* ASSIGNED TASK *
Leaving pictures out, repeat word for word the line that has "Cloud 9 D3 Villa Tkon" and each line that follows it to the end of the listing.

* PROVIDED DATA *
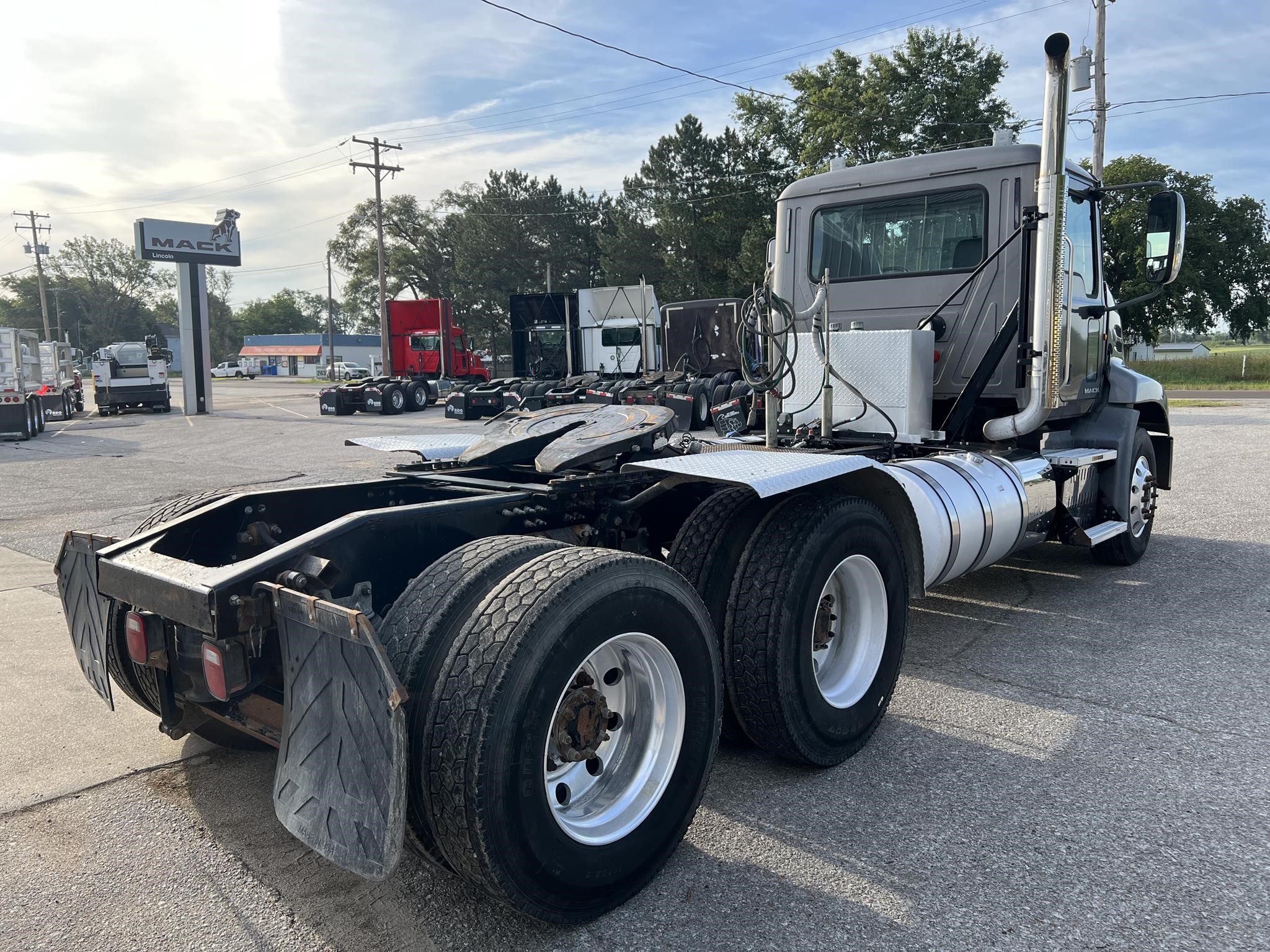 2014 MACK PINNACLE CXU613 - image 5 of 6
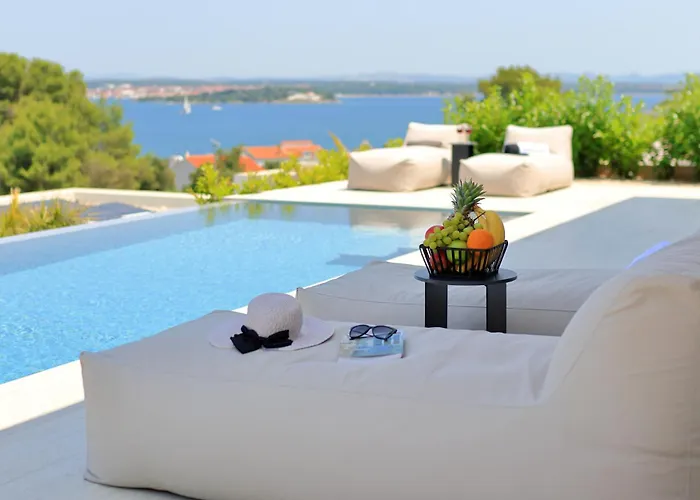 Cloud 9 D3 Villa Tkon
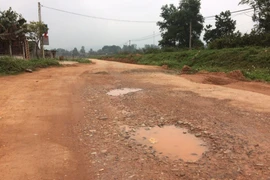 Đường 15 có dấu hiệu xuống cấp nghiêm trọng (Ảnh: Thái Sương/Vietnam+)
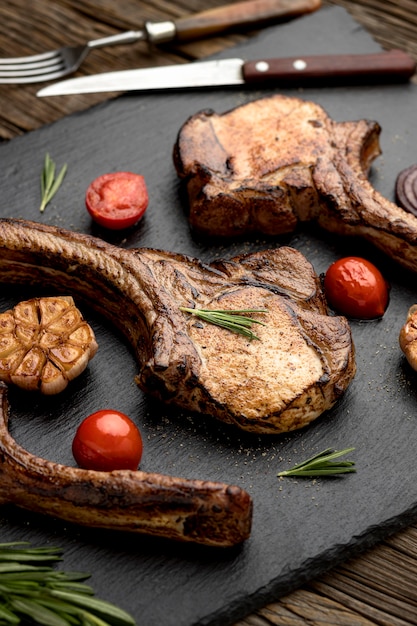 Tavola di legno ad alto angolo con carne cotta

* OUTPUT *
 Cloud 9 D3 Villa Tkon
 Đường 15 có dấu hiệu xuống cấp nghiêm trọng (Ảnh: Thái Sương/Vietnam+)
 Tavola di legno ad alto angolo con carne cotta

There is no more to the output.